Pemilihan Umum VS Perwakilan/Kongres
Tidak hanya di kampus, isu perubahan sistem pemilihan juga dapat kita lihat dengan terang-benderang di sekitar kita dalam skala lebih luas, yaitu negara Republik Indonesia. Pernyataan Presiden Prabowo yang mendukung ide pilkada kembali dipilih oleh DPRD saat sambutan di acara puncak HUT Ke-60 Partai Golkar, 12 Desember 2024 lalu, sempat menjadi diskusi panas di publik. Pernyataan tersebut menuai pro-kontra dengan alasan efisiensi anggaran pilkada. Namun, jika ditilik berdasarkan catatan sejarah, aturan kepala daerah secara langsung dipilih oleh rakyat memang sebenarnya masih terbilang baru. Sejak Indonesia merdeka hingga berakhirnya Orde Baru di bawah pemerintahan Presiden ke-2 RI Soeharto, pilkada selalu diwakilkan oleh DPR. Kebijakan itu runtuh setelah Reformasi dan terbitnya Undang-Undang tentang Otonomi Daerah. Aturan pemilihan langsung pun berlaku sampai sekarang. Selain itu, dalam sistem presidensial juga tidak ada lembaga legislatif memilih lembaga eksekutif.

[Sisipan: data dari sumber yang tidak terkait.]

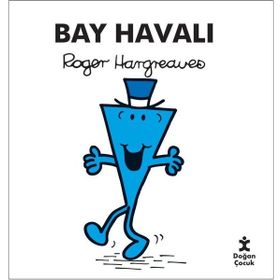 Bay Havalı Doğan Çocuk
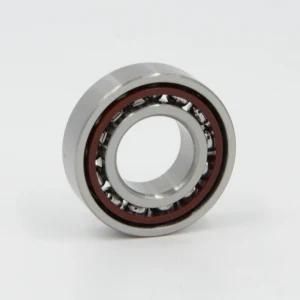 Angular Contact Ball Bearings 7332AC 46332 7332b 66332 7332c 36332 7334AC 46334 7334b 66334 7334c 36334 7336AC 46336 7336b 66336 7338AC 46338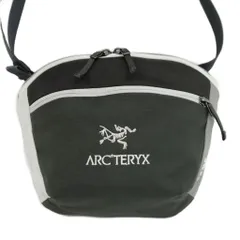 【美品】アークテリクス×ビームス マンティス2 楽天市場】ARC'TERYX × BEAMS / アークテリクス × ビームスMantis 2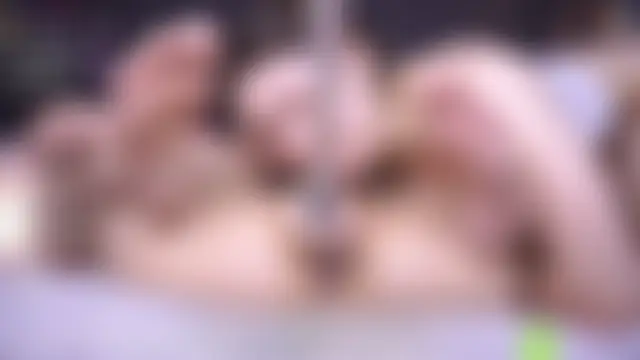 Black_and_Wh1te's Webcam Show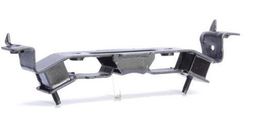 ANI-3257, Anchor Industries Transmission Mounts for 2006-2010 COMMANDER, 2005-2010 GRAND CHEROKEE - 3257 in UAE, Dubai. Condition - new. Price 220 AED. Photo, seller contacts | AUTO.AE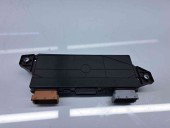  Modul confort Alfa Romeo 159 Sportwagon (939) [Fabr 2006-20011] 60688447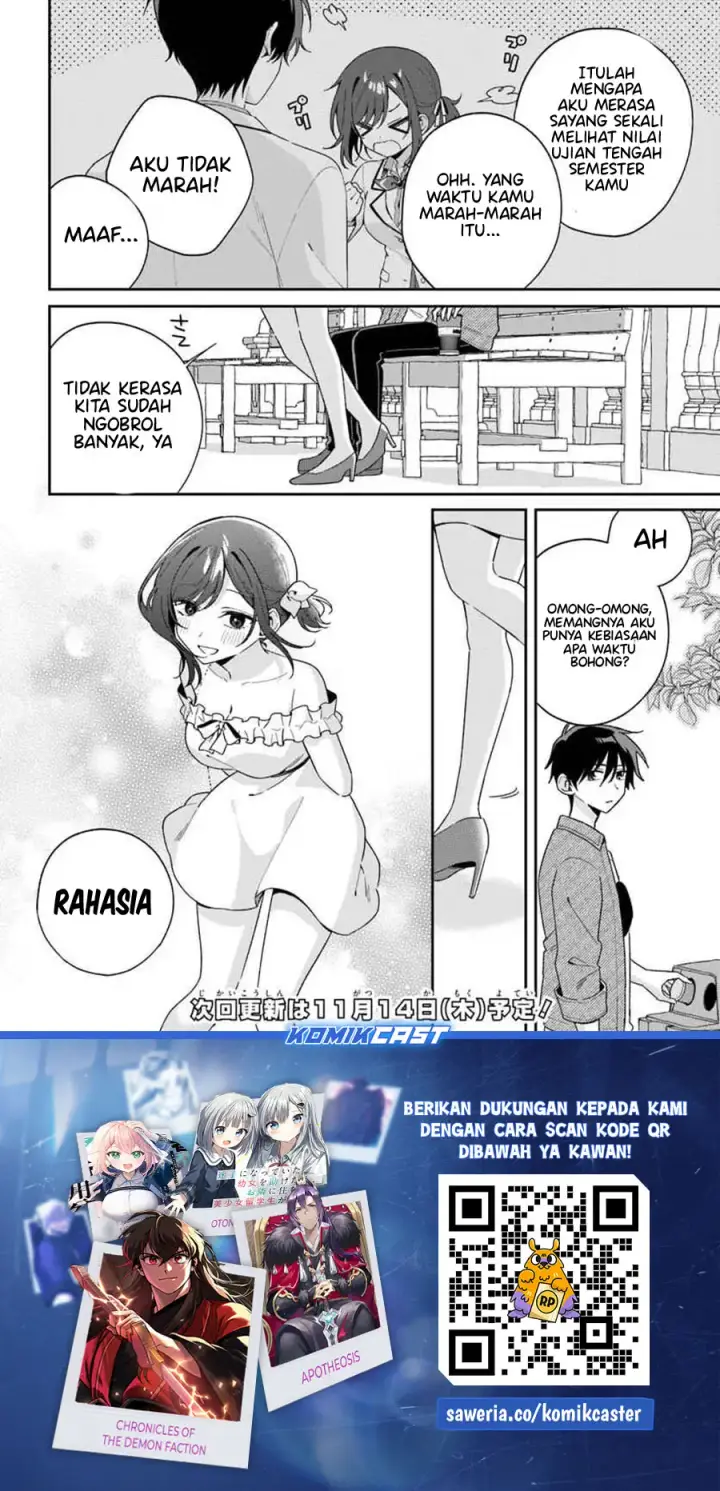 image-komik-futago-matomete-kanojo-ni-shinai-chapter-06.2-9/11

Wakil Ketua Komisi II DPR RI, Dede Yusuf, mengatakan bahwa RUU Pilkada masuk ke dalam Prolegnas Jangka Menengah 2025-2029 DPR RI. Sementara itu, Anggota Dewan Pembina Perkumpulan untuk Pemilu dan Demokrasi (Perludem), Titi Anggraini, menilai pilkada melalui DPRD berpotensi menimbulkan tindak kesewenang-wenangan elite partai karena tidak melibatkan aspirasi masyarakat. Menurutnya, pelaksanaan pemilihan gubernur secara langsung maupun melalui DPR tetap berpotensi terjadinya politik uang. Akan tetapi, perbedaannya terletak pada pemberian uang atau material yang diberikan kepada anggota DPRD. Mestinya yang dibenahi adalah pengaturan dan penegakan hukumnya, bukan dengan serta merta mengubah sistem. Pakar Hukum Tata Negara Universitas Gadjah Mada, Dr. Yance Arizona, juga mengkritik tajam wacana ini. Ia menyebutnya sebagai tanda nyata kemunduran demokrasi di Indonesia. Bahkan Pakar Hukum Tata Negara, Feri Amsari, menilai wacana agar pilkada dikembalikan melalui DPRD merupakan logika yang sesat.